We have introduced a new concept of giving insights and techniques related to Data Science, AI and ML

Exploratory Analysis Using SPSS, Power BI, R Studio, Excel & Orange

There’s a lot of talk about Business Analytics in today’s corporate world. But why is it so? Is it just another trend that people will forget soon? Well, this article aims to talk about major business analytics tools and then substantiate the stance of the corporate world.

As rightly said by John turkey, “Be approximately right rather than exactly wrong”. He was an American mathematician best known for the development of the Fast Fourier Transform algorithm and box plot.

This Quote helps in understanding the need for Analysis in today’s corporate world.
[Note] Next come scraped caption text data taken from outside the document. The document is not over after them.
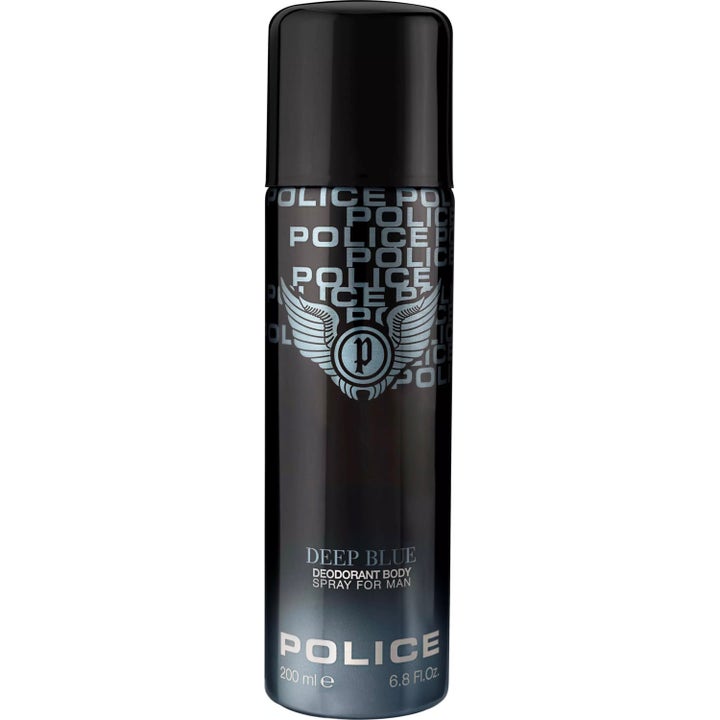 Police Deep Blue 200 ml deodorant body spray som gir friskhet i en svart sprayflaske med sølvfarget logo.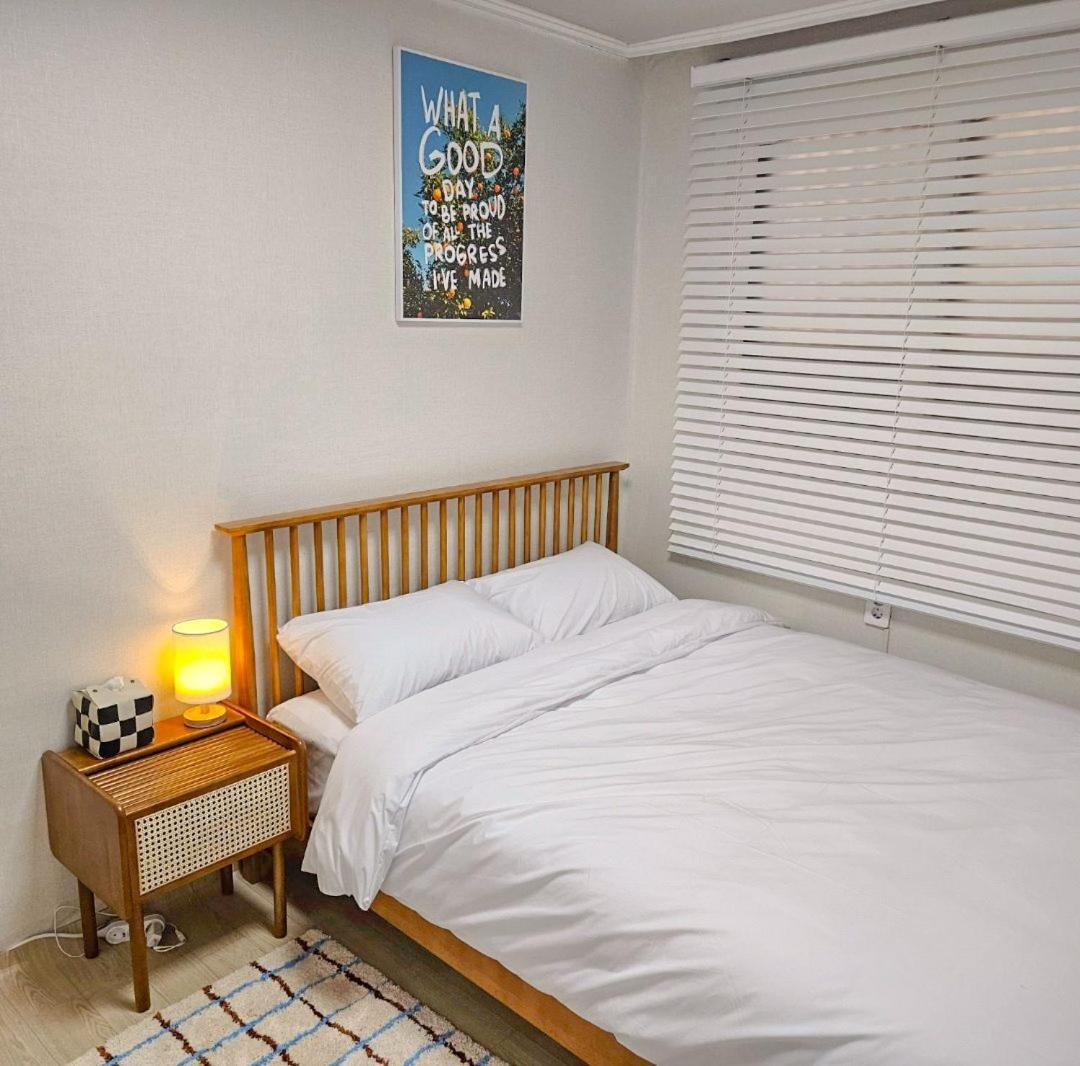 Near Ktx Station #5min Walk #up To 5 Guests Homestay *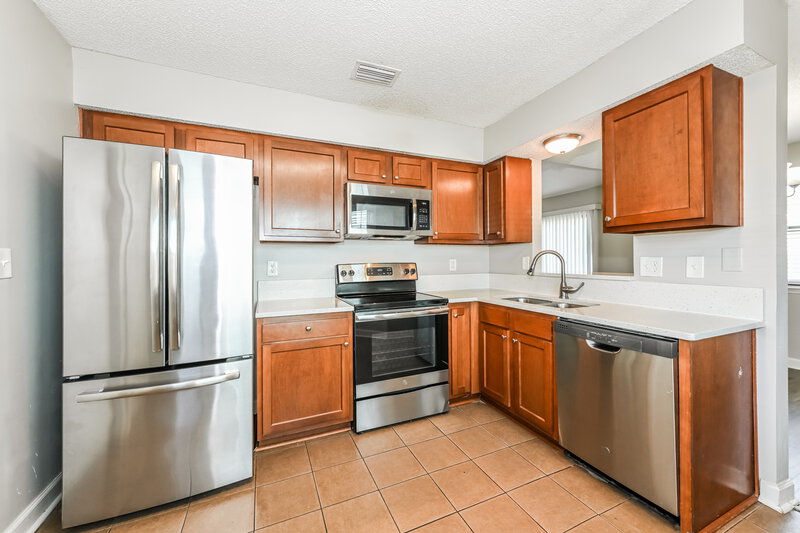 1,790/Mo, 7974 Amandas Crossing Dr E Jacksonville, FL 32244 Kitchen View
The analysis is very important as it helps in understanding the future.

Let me explain this with a real-time case: -

Abstract: The dataset summarizes a heterogeneous set of features about articles published by Mashable in a period of two years (Mashable’s primary focus is on technology, lifestyle, and entertainment news. Website: www.mashable.com)

Case: Please carry out an Exploratory Data Analysis and create a compelling story based on the given dataset; also predict which Article will be more popular in the near future.

I have done the Analysis using:

1. R Studio:

It is an integrated development environment for R, a programming language for statistical computing and graphics. It is open-source software (Click here to download).

2. SPSS:

SPSS Statistics is a software package used for interactive, or batched, statistical analysis; IBM acquired it in 2009. (Click here to download).

3. Power BI:

Power BI is a business analytics service by Microsoft. It aims to provide interactive visualizations and business intelligence capabilities with an interface simple enough for end-users to create their reports and dashboards. (Click here to download).

4. Excel:

Microsoft Excel is a spreadsheet developed by Microsoft for Windows, macOS, Android, and iOS. It features calculation, graphing tools, pivot tables, and a macro programming language called Visual Basic for Applications. (Click here to download).

5. Orange:

Orange is an open-source data visualization, machine learning, and data mining toolkit. It features a visual programming front-end for explorative rapid qualitative data analysis and interactive data visualization. (Click here to download).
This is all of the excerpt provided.